**PROBLEM TO WORK ON**. Reproduce the entries shown below only from the line with "MIDI FAUX FUR COAT - GREEN" down to the line with "Koonmi Black Bathroom", keeping both end lines and copying each one exactly.

**AVAILABLE RECORDS**.
◆ ◆ ◆
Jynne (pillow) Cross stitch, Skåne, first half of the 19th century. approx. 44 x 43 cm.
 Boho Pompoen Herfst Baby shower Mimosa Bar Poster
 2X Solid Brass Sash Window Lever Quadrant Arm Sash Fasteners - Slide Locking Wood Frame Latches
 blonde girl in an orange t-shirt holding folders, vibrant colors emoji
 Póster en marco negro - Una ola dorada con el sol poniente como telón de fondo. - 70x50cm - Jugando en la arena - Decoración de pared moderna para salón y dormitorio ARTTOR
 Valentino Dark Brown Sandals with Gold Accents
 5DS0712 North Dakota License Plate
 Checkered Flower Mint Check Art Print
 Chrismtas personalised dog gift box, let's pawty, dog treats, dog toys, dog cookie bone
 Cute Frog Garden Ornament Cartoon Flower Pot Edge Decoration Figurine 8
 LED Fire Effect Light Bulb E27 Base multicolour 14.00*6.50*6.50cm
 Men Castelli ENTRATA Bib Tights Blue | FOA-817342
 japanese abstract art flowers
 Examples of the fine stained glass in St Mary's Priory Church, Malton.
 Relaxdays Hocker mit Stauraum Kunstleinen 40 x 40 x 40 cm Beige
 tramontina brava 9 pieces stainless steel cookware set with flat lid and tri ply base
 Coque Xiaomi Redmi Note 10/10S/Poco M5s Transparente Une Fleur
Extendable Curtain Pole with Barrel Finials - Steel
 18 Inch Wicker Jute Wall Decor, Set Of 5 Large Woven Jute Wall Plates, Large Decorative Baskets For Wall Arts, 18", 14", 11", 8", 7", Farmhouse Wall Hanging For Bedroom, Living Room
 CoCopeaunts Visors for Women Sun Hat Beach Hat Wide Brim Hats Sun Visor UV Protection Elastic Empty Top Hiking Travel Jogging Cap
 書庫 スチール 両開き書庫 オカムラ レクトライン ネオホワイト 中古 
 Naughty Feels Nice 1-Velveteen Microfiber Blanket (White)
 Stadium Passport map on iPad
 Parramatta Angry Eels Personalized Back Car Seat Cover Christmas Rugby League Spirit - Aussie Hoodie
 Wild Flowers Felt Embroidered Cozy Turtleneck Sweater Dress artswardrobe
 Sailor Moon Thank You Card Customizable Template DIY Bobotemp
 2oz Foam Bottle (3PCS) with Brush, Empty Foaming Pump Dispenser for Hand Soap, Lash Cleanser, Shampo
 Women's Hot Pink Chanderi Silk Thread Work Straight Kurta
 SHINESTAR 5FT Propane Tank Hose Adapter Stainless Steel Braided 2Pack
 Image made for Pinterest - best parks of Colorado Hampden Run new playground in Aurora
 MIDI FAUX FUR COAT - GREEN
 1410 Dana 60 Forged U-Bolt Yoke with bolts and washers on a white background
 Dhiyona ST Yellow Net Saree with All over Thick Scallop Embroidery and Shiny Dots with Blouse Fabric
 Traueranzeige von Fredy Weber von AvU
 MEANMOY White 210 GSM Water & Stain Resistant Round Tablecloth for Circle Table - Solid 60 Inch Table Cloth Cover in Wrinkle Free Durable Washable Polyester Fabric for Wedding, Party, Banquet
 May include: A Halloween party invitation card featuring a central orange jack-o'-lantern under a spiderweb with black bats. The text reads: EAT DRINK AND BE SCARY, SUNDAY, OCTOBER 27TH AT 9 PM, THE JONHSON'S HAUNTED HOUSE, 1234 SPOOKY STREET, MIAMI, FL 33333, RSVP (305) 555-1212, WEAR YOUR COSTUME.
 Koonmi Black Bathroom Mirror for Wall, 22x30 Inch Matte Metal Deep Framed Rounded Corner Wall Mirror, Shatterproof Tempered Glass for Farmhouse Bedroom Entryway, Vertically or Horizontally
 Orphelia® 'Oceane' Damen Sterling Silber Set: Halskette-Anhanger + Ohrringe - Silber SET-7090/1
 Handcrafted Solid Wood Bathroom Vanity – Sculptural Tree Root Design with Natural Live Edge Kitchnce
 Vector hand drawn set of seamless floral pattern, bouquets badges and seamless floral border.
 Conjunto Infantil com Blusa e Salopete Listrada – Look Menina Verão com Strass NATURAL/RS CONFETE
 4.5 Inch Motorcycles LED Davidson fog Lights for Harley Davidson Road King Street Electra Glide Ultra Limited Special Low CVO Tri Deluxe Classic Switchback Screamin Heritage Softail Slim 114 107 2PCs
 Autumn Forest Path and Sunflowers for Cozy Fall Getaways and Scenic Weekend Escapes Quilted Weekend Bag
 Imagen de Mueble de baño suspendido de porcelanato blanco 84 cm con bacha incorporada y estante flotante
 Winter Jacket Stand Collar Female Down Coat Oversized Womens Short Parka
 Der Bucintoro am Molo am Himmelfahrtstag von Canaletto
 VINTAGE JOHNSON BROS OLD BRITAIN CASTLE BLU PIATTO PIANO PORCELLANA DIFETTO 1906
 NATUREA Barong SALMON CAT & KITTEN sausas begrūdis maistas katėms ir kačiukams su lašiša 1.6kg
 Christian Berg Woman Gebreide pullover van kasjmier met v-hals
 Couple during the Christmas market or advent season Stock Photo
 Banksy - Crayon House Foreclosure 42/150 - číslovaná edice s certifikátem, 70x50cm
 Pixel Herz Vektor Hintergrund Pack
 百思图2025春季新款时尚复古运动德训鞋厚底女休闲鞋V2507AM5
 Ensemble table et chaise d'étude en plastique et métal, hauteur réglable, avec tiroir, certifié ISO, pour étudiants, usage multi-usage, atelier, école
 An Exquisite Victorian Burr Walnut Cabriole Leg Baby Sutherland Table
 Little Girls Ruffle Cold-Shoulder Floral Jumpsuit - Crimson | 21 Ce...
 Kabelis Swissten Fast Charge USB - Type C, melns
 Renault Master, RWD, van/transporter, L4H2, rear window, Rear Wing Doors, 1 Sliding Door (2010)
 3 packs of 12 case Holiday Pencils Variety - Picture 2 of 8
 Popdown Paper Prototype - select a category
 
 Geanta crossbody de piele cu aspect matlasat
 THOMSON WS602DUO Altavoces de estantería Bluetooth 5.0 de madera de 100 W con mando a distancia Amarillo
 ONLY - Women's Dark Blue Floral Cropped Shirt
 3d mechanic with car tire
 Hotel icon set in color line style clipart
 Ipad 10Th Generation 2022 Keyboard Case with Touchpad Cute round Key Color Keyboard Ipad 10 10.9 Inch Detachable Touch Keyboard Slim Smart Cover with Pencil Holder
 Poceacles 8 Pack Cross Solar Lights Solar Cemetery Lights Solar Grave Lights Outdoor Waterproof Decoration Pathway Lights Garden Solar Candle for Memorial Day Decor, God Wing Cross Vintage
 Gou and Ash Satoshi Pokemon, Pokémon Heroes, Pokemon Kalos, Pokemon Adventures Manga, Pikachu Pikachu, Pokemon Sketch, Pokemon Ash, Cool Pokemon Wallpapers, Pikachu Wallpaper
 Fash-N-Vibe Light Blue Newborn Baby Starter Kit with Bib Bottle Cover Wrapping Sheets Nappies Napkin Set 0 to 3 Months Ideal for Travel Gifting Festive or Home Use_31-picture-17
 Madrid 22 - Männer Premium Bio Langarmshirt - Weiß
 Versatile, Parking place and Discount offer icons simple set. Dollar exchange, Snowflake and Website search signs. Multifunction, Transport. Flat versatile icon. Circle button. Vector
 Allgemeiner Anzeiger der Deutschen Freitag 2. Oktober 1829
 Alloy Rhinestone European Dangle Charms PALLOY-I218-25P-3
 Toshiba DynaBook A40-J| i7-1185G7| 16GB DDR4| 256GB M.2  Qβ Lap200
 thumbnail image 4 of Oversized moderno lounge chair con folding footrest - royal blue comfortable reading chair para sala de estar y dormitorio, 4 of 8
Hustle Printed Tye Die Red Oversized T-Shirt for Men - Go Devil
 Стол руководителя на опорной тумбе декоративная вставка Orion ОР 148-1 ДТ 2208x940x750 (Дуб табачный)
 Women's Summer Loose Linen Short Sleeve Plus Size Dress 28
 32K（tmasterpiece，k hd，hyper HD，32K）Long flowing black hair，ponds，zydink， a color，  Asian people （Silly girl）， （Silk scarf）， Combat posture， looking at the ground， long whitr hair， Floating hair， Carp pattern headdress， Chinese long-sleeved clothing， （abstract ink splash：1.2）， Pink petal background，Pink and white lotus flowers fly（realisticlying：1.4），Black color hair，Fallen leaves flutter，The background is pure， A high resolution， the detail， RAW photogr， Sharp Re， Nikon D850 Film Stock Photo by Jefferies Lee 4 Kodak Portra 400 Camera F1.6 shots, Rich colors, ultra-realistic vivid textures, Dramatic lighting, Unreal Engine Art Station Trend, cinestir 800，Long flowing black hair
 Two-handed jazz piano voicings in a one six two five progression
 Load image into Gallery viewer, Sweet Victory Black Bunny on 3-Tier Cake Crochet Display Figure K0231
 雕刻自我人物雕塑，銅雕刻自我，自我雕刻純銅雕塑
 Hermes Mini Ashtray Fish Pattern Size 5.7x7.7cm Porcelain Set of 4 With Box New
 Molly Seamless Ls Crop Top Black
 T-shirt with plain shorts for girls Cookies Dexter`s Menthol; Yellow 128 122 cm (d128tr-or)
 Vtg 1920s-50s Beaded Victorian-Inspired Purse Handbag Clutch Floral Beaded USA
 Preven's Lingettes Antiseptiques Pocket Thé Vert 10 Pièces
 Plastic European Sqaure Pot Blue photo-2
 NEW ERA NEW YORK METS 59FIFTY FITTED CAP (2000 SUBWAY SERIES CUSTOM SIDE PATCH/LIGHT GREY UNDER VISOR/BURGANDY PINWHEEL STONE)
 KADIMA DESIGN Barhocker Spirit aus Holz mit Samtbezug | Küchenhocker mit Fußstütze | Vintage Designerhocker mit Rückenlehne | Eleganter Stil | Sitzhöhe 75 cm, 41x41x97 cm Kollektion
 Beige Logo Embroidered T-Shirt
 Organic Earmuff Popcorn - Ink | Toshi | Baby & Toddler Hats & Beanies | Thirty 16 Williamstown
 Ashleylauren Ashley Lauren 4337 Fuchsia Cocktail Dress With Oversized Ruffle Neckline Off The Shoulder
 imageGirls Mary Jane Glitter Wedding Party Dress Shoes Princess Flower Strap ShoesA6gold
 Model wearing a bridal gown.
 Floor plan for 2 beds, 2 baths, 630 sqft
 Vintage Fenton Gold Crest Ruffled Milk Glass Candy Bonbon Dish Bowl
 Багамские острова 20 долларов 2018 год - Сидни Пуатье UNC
◆ ◆ ◆
**RESPONSE AREA**.
 MIDI FAUX FUR COAT - GREEN
 1410 Dana 60 Forged U-Bolt Yoke with bolts and washers on a white background
 Dhiyona ST Yellow Net Saree with All over Thick Scallop Embroidery and Shiny Dots with Blouse Fabric
 Traueranzeige von Fredy Weber von AvU
 MEANMOY White 210 GSM Water & Stain Resistant Round Tablecloth for Circle Table - Solid 60 Inch Table Cloth Cover in Wrinkle Free Durable Washable Polyester Fabric for Wedding, Party, Banquet
 May include: A Halloween party invitation card featuring a central orange jack-o'-lantern under a spiderweb with black bats. The text reads: EAT DRINK AND BE SCARY, SUNDAY, OCTOBER 27TH AT 9 PM, THE JONHSON'S HAUNTED HOUSE, 1234 SPOOKY STREET, MIAMI, FL 33333, RSVP (305) 555-1212, WEAR YOUR COSTUME.
 Koonmi Black Bathroom Mirror for Wall, 22x30 Inch Matte Metal Deep Framed Rounded Corner Wall Mirror, Shatterproof Tempered Glass for Farmhouse Bedroom Entryway, Vertically or Horizontally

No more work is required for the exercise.